Member of the Pennsylvania Senate from the 5th district
- In office January 1, 1985 – January 2, 2001
- Preceded by: James Lloyd
- Succeeded by: Mike Stack

Member of the Pennsylvania House of Representatives from the 170th district
- In office January 2, 1973 – November 30, 1984
- Preceded by: Alvin Katz
- Succeeded by: George Kenney

Personal details
- Born: June 2, 1922 Philadelphia, Pennsylvania, U.S.
- Died: July 16, 2014 (aged 92) Meadowbrook, Pennsylvania, U.S.
- Party: Republican
- Spouse: Gloria Leggieri

= Frank A. Salvatore =

American politician

Frank A. Salvatore (June 2, 1922 - July 16, 2014) was an American politician from Pennsylvania who served as a Republican member of the Pennsylvania State Senate for the 5th district from 1985 to 2001 and the Pennsylvania House of Representatives for the 170th district from 1973 to 1984.

==Early life and education==
Salvatore was born in Philadelphia, Pennsylvania and graduated from Northeast High School. He attended St Joseph's College of Industrial Relations and took courses at the Fels Institute of Government at the University of Pennsylvania. He received an honorary doctorate degree from Holy Family College. He served as a U.S. Marine sergeant in the Pacific Theater during World War II from 1942 to 1945.

==Career==
In 1958, Salvatore became the chairman of L&M Beverage Co. Inc., a wholesale beer distributor and operated the business until he sold it in 2001.

He was elected to the Pennsylvania House of Representatives for the 170th district and served for five consecutive terms. He was elected Minority Caucus Administrator from 1977 to 1978 and again from 1983 to 1984. He was elected Majority Caucus Administrator from 1979 to 1982. He was not a candidate for reelection to the House in 1984.

He was elected to the Pennsylvania State Senate for the 5th district and served from 1985 to 2000. He was an outspoken critic of Mayor Wilson Goode.
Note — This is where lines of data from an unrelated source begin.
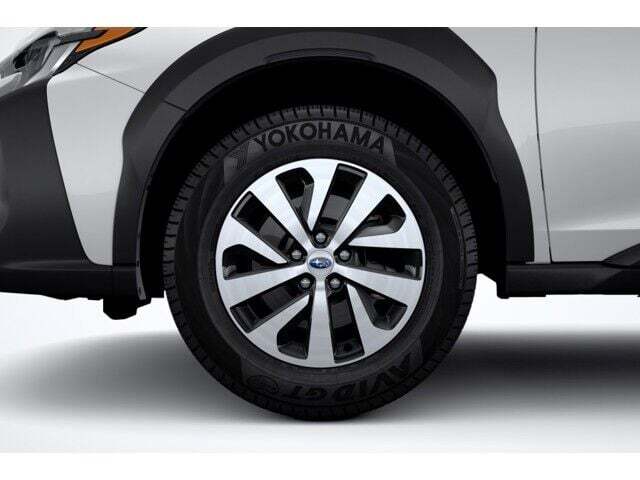 2025 Subaru Outback Premium Fredericksburg VA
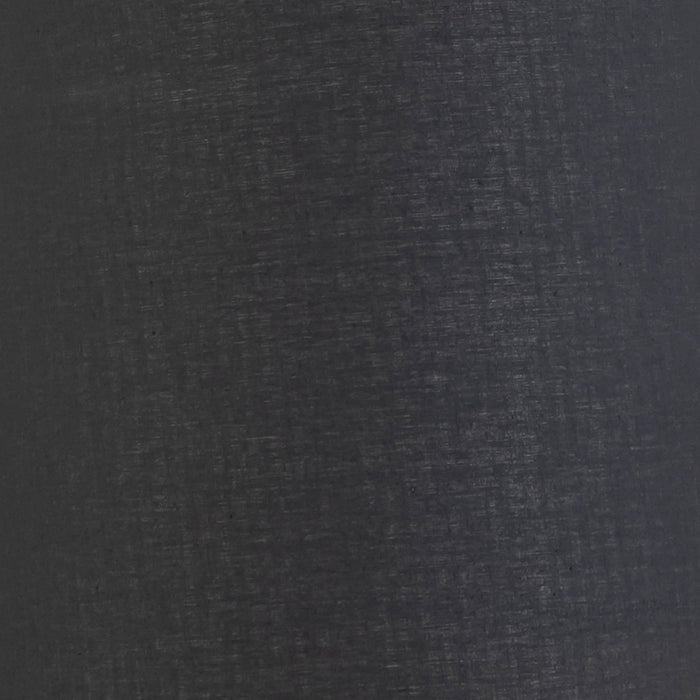 yaretzi-pendant-lamp-6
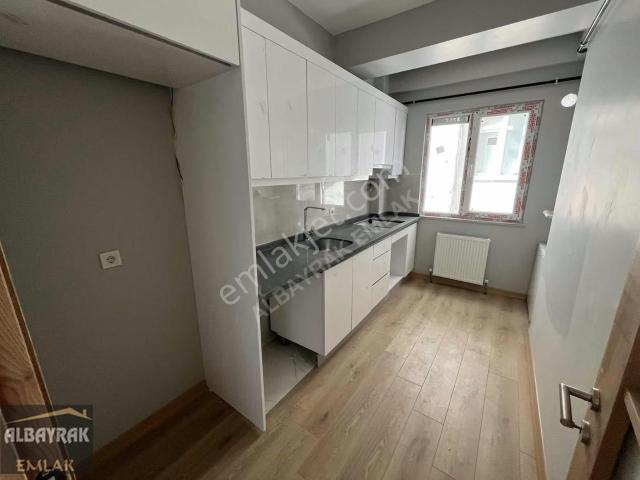 Ümraniye, İstanbul içerisinde satılık mülk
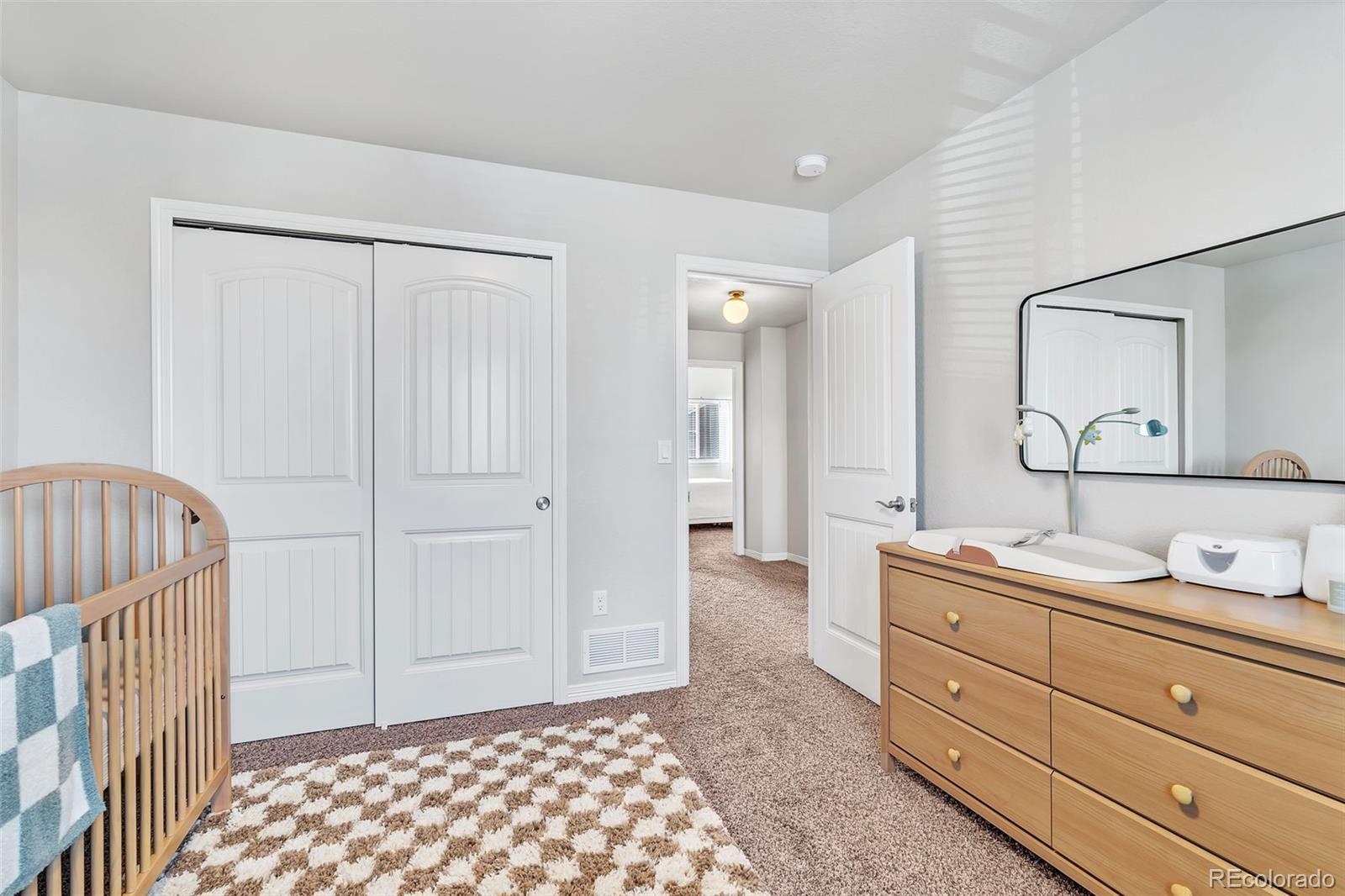 MLS Image #28 for 10626  outfit drive,colorado springs, Colorado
He presented the legislature with a bill proposing secession of Northeast Philadelphia from the rest of the city to form an entity called Liberty County but it found no broad political support. He lost reelection to the Senate in 2000.

He died in July 2014 at a Holy Redeemer Hospital in Meadowbrook, Pennsylvania and is interred at the Resurrection Cemetery in Philadelphia.